Medalhista de prata no salto com vara, na Olimpíada do Rio de Janeiro, o francês Renaud Lavillenie comparou a torcida brasileira aos nazistas que vaiaram o atleta negro Jesse Owens na Berlim dos anos 30. Teria ido longe demais? Saltado com as palavras acima da tolerância?
Aos nazistas faltou tanta coisa, que é comum faltarem palavras para descrever os horrores do Holocausto. Muitos se aventuraram nas buscas, mas poucos realmente as encontraram. Um Primo Levy. Um Bruno Bettelheim. Poucos. Outro deles, o Theodor Adorno, vaticinou que nem haveria mais poesia depois de tanta atrocidade.
A escassez de relatos possíveis é tanta, que, ainda hoje, não conseguimos explicar claramente os motivos de tamanha chacina. Entre causas possíveis, avulta a ideia de que aos nazistas faltou empatia. Já são conhecidos os estudos da infância de vários deles, incluindo Adolf Hitler, expondo a falta de cuidados verdadeiros desde a mais tenra idade.

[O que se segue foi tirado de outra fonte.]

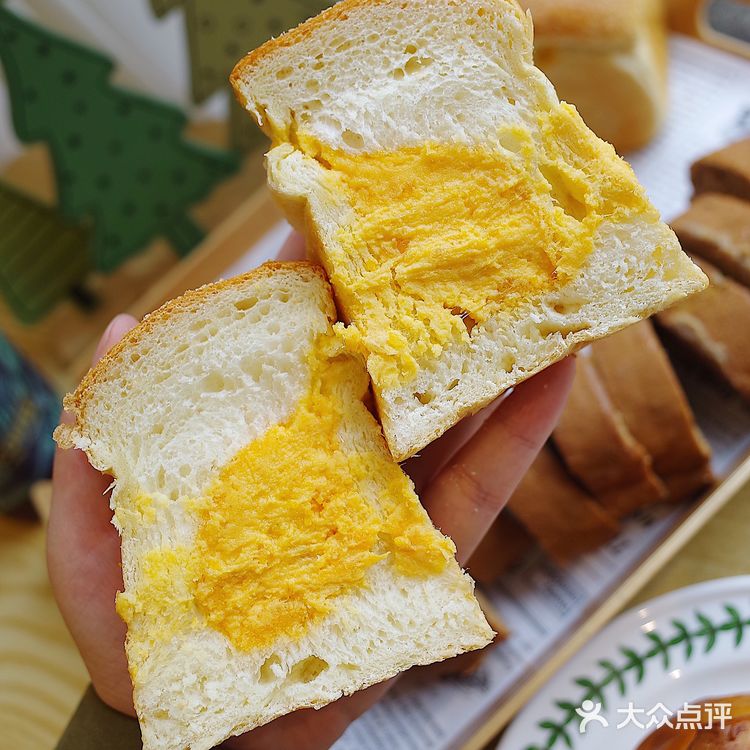 长沙最好吃的咖啡杏仁包🥖老社区私藏烘培坊🧡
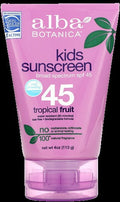 Kids Tropical Fruit Sunscreen Lotion, Spf 45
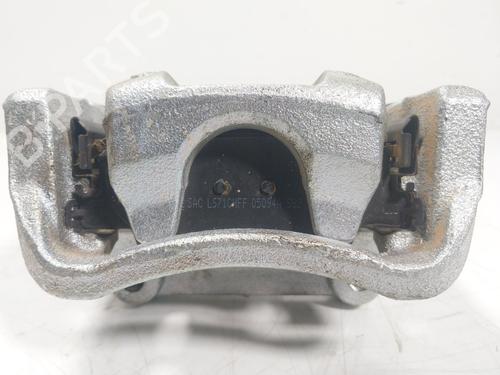 Used Left rear brake caliper Left rear brake caliper KIA NIRO II (SG2) 1.6 GDI Hybrid (141 hp) 24921738 24921738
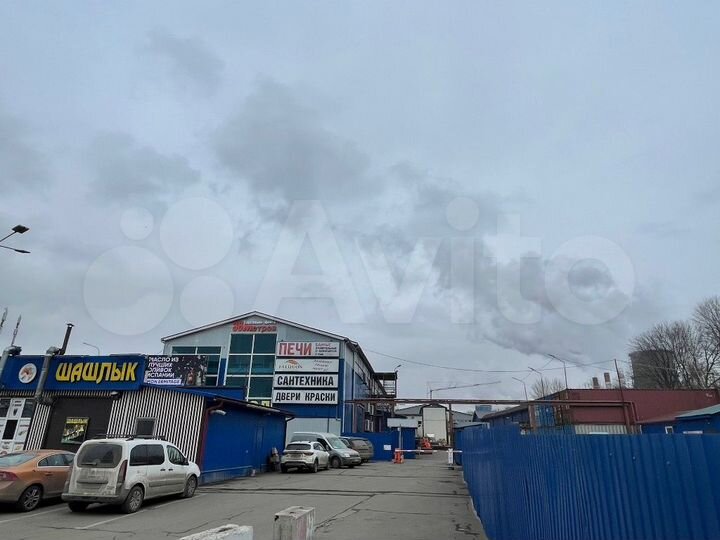 Здание, 8000 м²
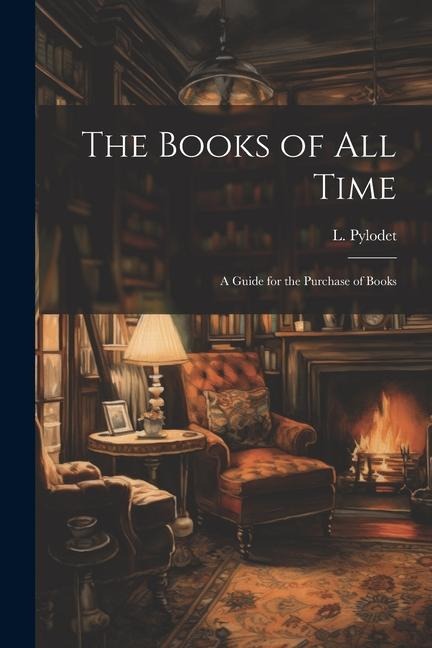 The Books of All Time - L. Pylodet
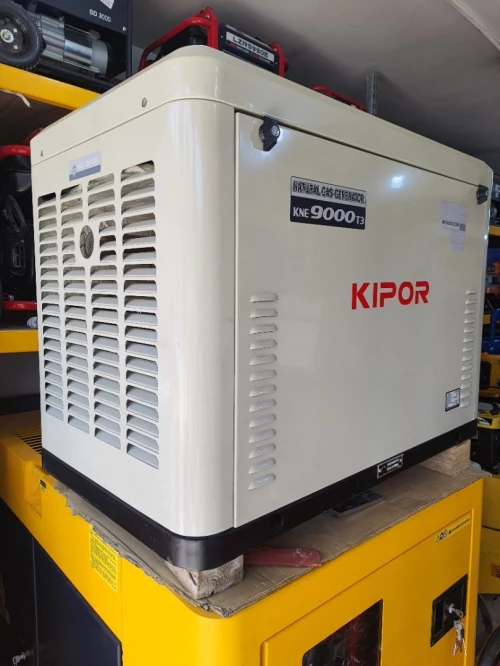Groupe electrogene a gaz 9kva kipor groupe a souder compresseur coudeuse machine pvc coudeuse Cisail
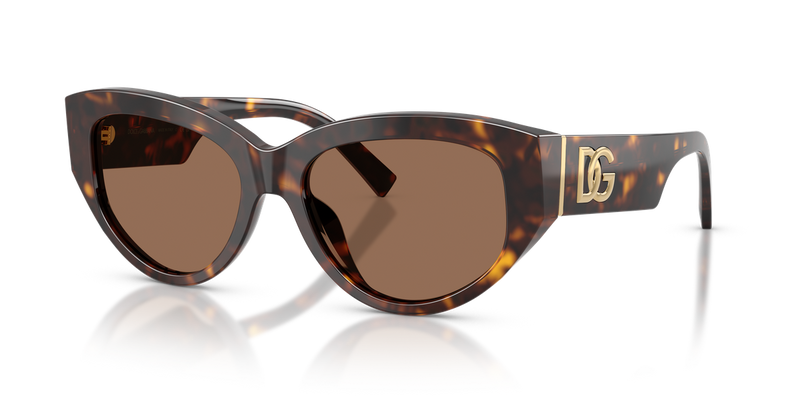 Dolce & Gabbana DG4514 in Havana - Alternate View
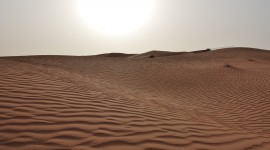 Desert HD Wallpaper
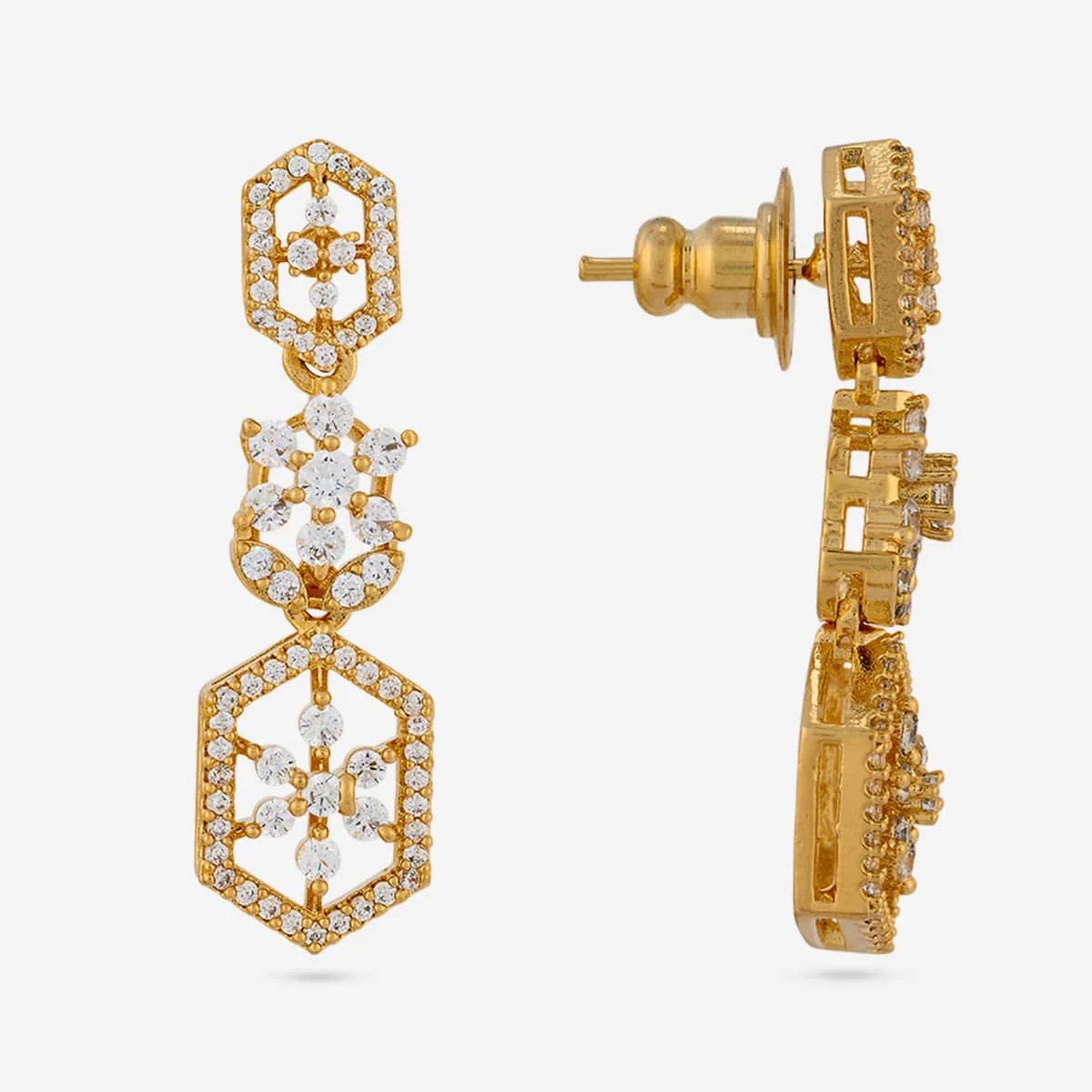 Zircon Necklace 197175 - Image 5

É possível. A esta altura da aventura humana, temos indícios suficientes para desconfiar de que os afetos são a base de tudo. Deles nasce a possibilidade de um desenvolvimento humano adequado. Deles nascem os encontros, as relações humanas e, delas, as palavras, os pensamentos e a capacidade de tê-los e dizê-los em vez de cometer atos hediondos. Como disse Anne Frank, outra das vítimas que não perderam a capacidade de expressão, o papel aceita tudo, mas a vida, não.
Os esportes com suas Olimpíadas, assim como as artes com seus diversos meios de expressão, candidatam-se ao que criamos de melhor para evitarmos fazer o pior. Eles também nascem de afetos, construídos no começo da existência e depois se banham da capacidade de produzirmos símbolos, esse salto mais alto, esse passo mais longo, o melhor de nós.
Pode ter faltado fair play aos torcedores brasileiros, podem ter sobrado ímpetos nacionalistas, mas tudo se passou numa pista de esportes. E isso faz toda a diferença quando se trata de vida e de morte.